### Problem to solve
Below are records; count the lines in them that hold "have" and give only the count.

═══ Extracted material ═══

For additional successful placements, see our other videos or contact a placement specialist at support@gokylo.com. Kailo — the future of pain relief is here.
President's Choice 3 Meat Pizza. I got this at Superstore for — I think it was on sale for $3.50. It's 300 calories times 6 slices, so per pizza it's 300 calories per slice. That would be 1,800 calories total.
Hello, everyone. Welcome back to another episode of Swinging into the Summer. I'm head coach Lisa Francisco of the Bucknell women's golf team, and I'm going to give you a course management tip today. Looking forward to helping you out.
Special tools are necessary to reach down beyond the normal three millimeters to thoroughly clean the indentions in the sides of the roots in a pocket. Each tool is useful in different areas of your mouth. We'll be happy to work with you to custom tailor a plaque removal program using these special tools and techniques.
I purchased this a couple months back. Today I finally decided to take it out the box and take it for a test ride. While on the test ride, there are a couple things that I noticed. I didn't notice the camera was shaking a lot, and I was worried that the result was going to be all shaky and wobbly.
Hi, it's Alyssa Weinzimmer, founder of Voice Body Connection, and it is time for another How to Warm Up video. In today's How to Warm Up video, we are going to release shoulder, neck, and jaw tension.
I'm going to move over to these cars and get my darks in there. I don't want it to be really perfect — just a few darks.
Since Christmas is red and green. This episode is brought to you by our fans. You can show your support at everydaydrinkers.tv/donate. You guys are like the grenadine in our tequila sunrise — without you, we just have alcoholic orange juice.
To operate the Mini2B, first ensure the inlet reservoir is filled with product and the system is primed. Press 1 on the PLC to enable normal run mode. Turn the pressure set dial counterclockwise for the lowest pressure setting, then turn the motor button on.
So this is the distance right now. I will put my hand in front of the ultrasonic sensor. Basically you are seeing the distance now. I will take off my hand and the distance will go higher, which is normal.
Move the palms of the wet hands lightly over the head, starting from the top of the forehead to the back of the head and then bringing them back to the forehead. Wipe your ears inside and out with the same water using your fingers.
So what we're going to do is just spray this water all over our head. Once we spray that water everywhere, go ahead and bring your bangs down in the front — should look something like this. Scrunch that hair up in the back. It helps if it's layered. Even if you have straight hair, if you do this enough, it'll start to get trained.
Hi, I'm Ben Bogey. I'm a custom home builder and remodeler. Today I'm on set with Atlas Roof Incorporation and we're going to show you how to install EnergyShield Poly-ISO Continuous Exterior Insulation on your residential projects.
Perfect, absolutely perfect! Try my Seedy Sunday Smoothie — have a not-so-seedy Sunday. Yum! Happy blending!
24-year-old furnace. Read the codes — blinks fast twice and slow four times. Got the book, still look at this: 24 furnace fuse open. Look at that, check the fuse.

═══

### Output of the exercise
3